Kuasa Hukum Djoko Tjandra, Soesilo Ariwibowo menilai penuntut umum keliru memberikan tuntutan 4 tahun penjara terhadap kliennya. Menurutnya, penuntut umum hanya menyalin dakwaan milik Pinangki Sirna Malasari.
"Ya, salah lihat tuntutan itu, JPU copy paste dengan dakwaan dan kasus Pinangki. Mereka keliru meletakkan posisi Djoko Tjandra sebagai pelaku utama, dia sebenarnya kan korban, " kata Soesilo kepada Republika, Kamis (4/3).
Soesilo menegaskan, pihaknya akan menolak semua argumentasi penuntut umum di dalam nota pembelaan atau pleidoi yang akan disampaikan pekan depan. "Prinsipnya akan menolak semua argumentasi jaksa penuntut umum, " tegasnya.
Peneliti dari Pusat Kajian Antikorupsi Universitas Gadjah Mada (Pukat UGM) Zaenur Rohman menilai, tuntutan 4 tahun penjara terhadap Djoko Tjandra menunjukkan kurang seriusnya Kejaksaan Agung (Kejagung) dalam perkara pengurusan fatwa Mahkamah Agung (MA) serta penghapusan nama Djoko Tjandra dari Daftar Pencarian Orang (DPO).
"Kejaksaan tampak kurang serius dalam kasus ini," kata Zaenur kepada Republika, Kamis (4/3).

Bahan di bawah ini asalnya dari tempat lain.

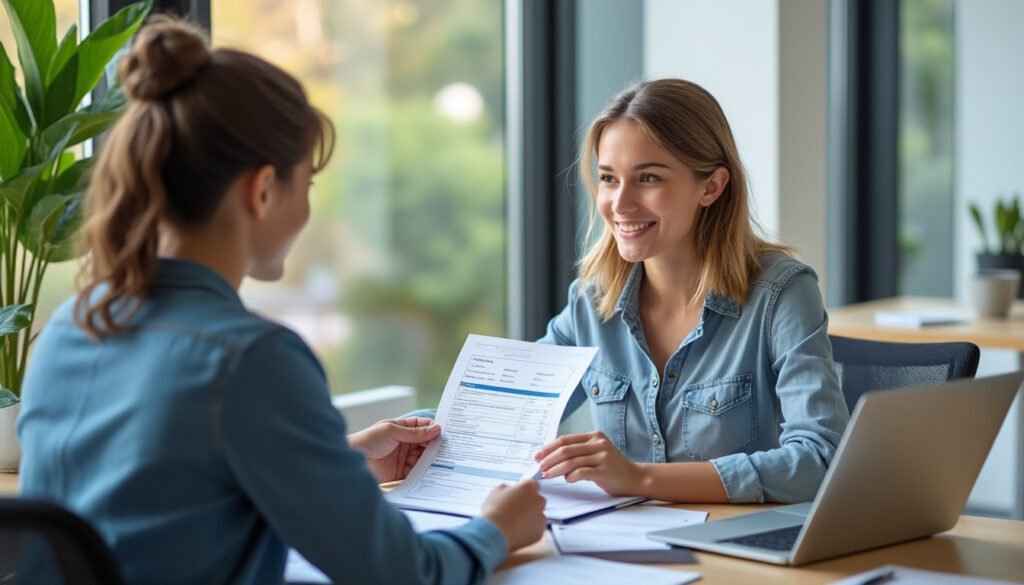 découvrez nos conseils pratiques pour louer un appartement sans fiche de paie, en utilisant des garanties alternatives et en optimisant votre dossier de location.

Padahal, menurut Zaenur, perkara ini sangat merusak wibawa dan kepercayaan publik terhadap penegakan hukum serta sistem hukum yang terbukti carut marut. Pukat UGM memandang Djoko Tjandra seharusnya dituntut maksimal sesuai dengan Pasal 5 ayat (1) huruf b UU Pemberantasan Tipikor, yakni hukuman maksimal 5 tahun penjara.
"Dalam dalam kasus Djoko Tjandra ini, Djoko Tjandra dituntut 4 tahun, padahal menurut saya seharusnya Kejaksaan menuntut maksimal sesuai yang diatur dalam pasal 5 ayat 1 UU Tipikor yakni hukuman maksimal lima tahun penjara," ujarnya.
"Kenapa maksimal karena daya rusak perbuatan pelaku ini sangat besar terhadap institusi hukum juga terhadap sistem hukum," tegas Zaenur.
"Dengan tuntutan baik terhadap Pinangki 4 tahun dan sekarang Djoko Tjandra juga 4 tahun. Menurut saya itu seakan-akan menunjukan kurang seriusnya Kejaksaan dalam menyelesaikan kasus ini," tambahnya.